How You Vote Doesn’t Matter – what’s important is that you Do….
Anyone who listens to the Opinion Line regularly on Cork’s 96FM will know that regular callers to our show tend to have little regard for politicians. For the most part, they view them as self-serving, untrustworthy, economical with the truth, and above all, detached from reality.
The major parties are held in particular contempt by a sizeable proportion of my listeners. They hate Fine Gael because of the homeless crisis, the state of the Health Service and the number of people struggling to make ends meet in an economy they are told “is now thriving again, after ten hard years”. They hate Fianna Fáil for the confidence and supply deal that keeps FG in power and they hold Labour in utter contempt for the austerity and the cuts in their living standards between 2011 and 2016.
My listeners have an interesting take on Sinn Fein. They are interested in how the party views the economy, public services, taxing the super-rich and focussing on a more socialist economic model, but they still have a level of suspicion – not for the local gumshoe, the City or County Councillor, but for those at the upper echelons of the party – whom they still see as having a whiff of cordite, and links to far darker times in our recent history.
The smaller, more “hard left” parties – if you’ll allow the term – have all the patter, all the rhetoric and all the right things to say, in the eyes of many listeners. Whether anyone really takes them seriously, however, when they tell us how easy it really is to fix problems that have dogged us for decades, is anyones guess. I should also mention Independents, of course. While listeners like the fact that Cllr So&So or Deputy Joe Bloggs isn’t tied to a party mantra, they also recognise that some of them are probably only independent because no party is crazy enough to let them join!
Politicians reading this are probably seething with rage at my flippancy, but I’m just reflecting what I see are the genuine opinions of my regular callers, and those who contact our show to tell me a story about their lives, their sick children or their battle to secure some service or other. The harsh reality of modern political life is that for the most part, the mere fact that you ever wanted to be a politician in the first place, draws on you suspicion and disapproval, disdain and doubt about your bona fides.
Personally, and this is a view based on many years covering their work at both local and national level, at Council, in the Dáil and the Seanad, and through a number of brief visits to the European Parliament, I have formed, and I hold fast to the view that the overwhelming majority of our public representatives are decent, hardworking, fundamentally honest people, who genuinely want to represent their locality, their town or their country to the very best of their ability. Sadly, many of them realise (and so do we) after they get elected, that talking the talk and walking the walk are different beasts.

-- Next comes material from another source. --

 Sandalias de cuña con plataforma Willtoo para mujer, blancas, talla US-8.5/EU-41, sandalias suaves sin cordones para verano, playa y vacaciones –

However annoying that might be, we should never lose sight of the reminder it gives us about our country, and the indelible fact that we live in a democracy, where we all can (if we have the means and the support) put ourselves before the people and seek their vote. That is something precious, something special and something we should never take lightly. It’s a right and a privilege that’s not enjoyed by tens of millions of people around the World. People died for it, and it is those great patriots, our forefathers, that gave us the right to take peann luaidhe sa lámh, and to make our scratch today.
I will vote today. I cannot countenance the prospect of not voting, I consider it my duty as a citizen. The fact that the ballot paper I receive has upon it some insufferable fools, some hopeless cases, some loudmouthed upstarts and the people I will actually vote for, is irrelevant. I have my vote and I will use it. I would ask you to do the same. You might only see one name or one face that you respect – and that’s just fine too, but please don’t pass up this most wonderful privilege – the right to vote. When I am taking calls about the results, I’ll be asking people “did you vote?” ,, and if they didn’t they had better have a good reason as to why! There’s an old saying that goes along the lines of “elections are won by those who turn up”..
By the time you read this, it may all be over. You may be listening to figures, results and analysis, and wondering, “how did that shugawhelpus get elected?” .,. or “how did that guy miss out?”.. or “God Almighty, another five years of that fool!”… but if you didn’t vote, you have no skin in the game, and where’s the fun in that!